7

I would like to ask what is the cheapest data type (in term of memory consumption and cost to hold/process it) to be used as dummy value in python dict (only key of the dict matters to me, values are just placeholder)

For examples :

d1 = {1: None, 2: None, 3: None}
d2 = {1: -1, 2: -1, 3: -1}
d3 = {1: False, 2: False, 3: False}

Here only keys (1, 2, 3) are useful to me, the values are not so they can be any value (just used as a place holder. What I want to know is what dummy data I should use here. For now I use None, but not sure if it is the "cheapest" one.

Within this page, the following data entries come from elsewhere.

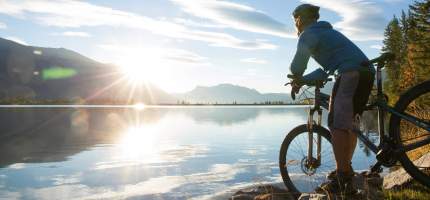 Ein Fahrradfahrer steht mit seinem Mountainbike vor einem großen See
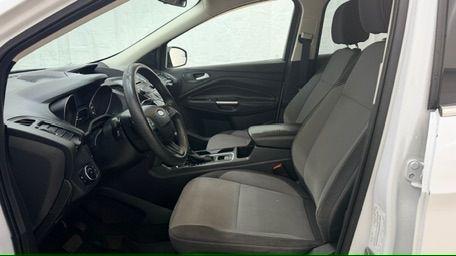 2017 White Ford Escape SE FWD (1FMCU0GD2HU) with an 1.5L L4 DOHC 16V engine, 6-Speed Automatic transmission, located at 1806 Veterans Memorial Hwy SW, Austell, GA, 30168, (770) 944-9558, 33.817959, -84.606987 - Photo#12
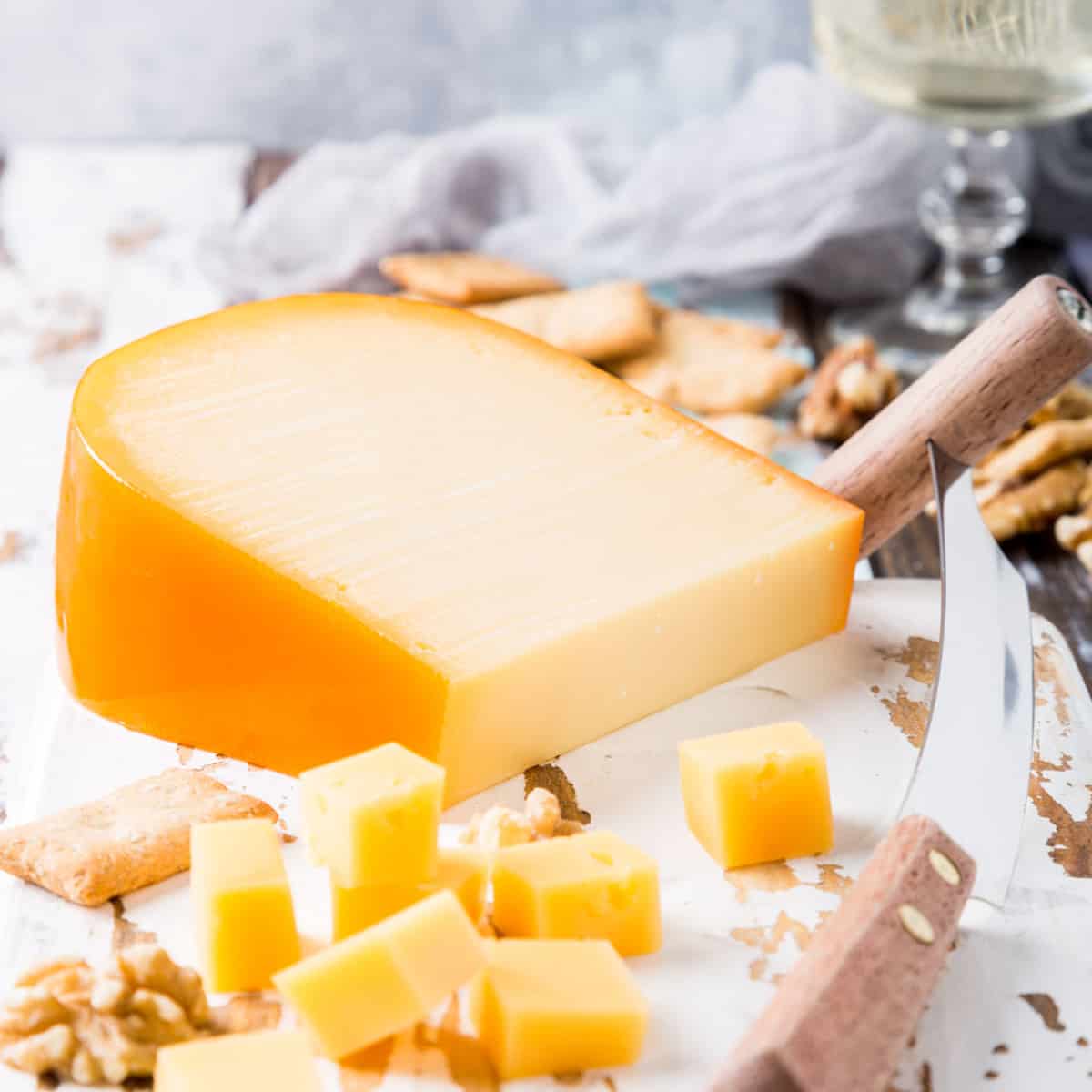 wedge of gouda cheese with cubes cut 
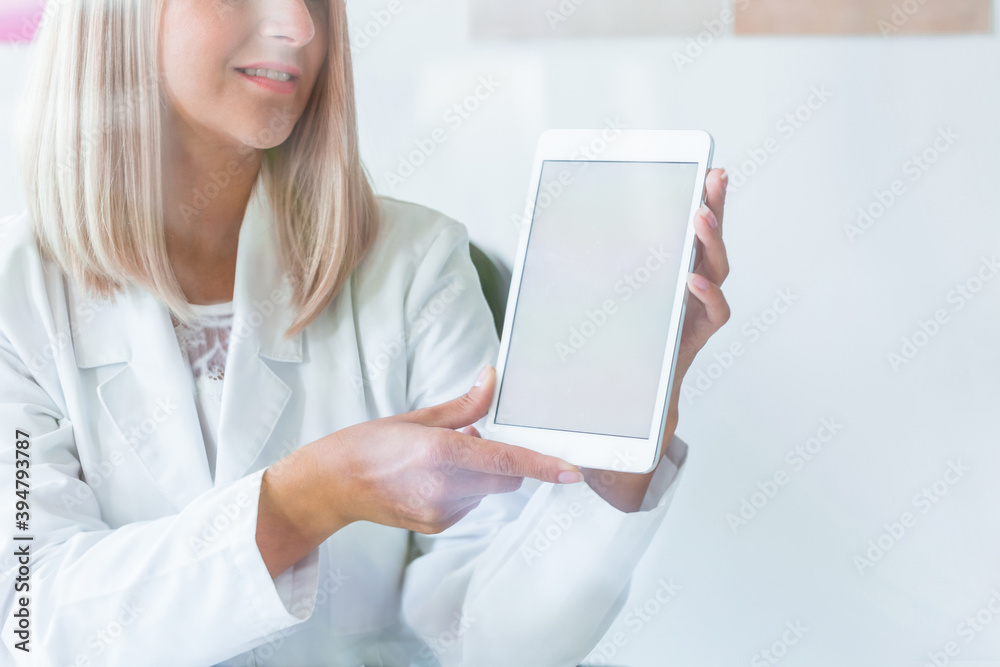 Pretty blonde nurse in medical uniform with tablet, copy space on empty white wall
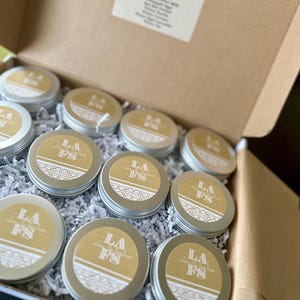May include: A box filled with small, round, silver tins. Each tin has a gold label with the letters "LA FS" and a decorative border. The box also contains a list of scents. The tins are nestled in white shredded paper.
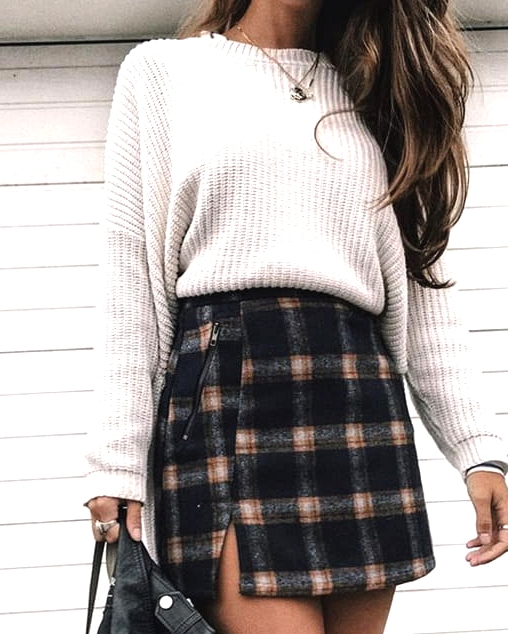 cozy-new-years-eve-outfit-ideas-check-skirt-white-sweater-min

P.S., I know the best option to store only keys may be to use Set instead of dict (with dummy values). However, the reason that I am doing so is because I want to exchange data between Python and C++ using SWIG. And for now I have figured out how to pass Python dict to C++ as std::map using SWIG, but cannot find anything about how to pass Python Set to C++ as std::set...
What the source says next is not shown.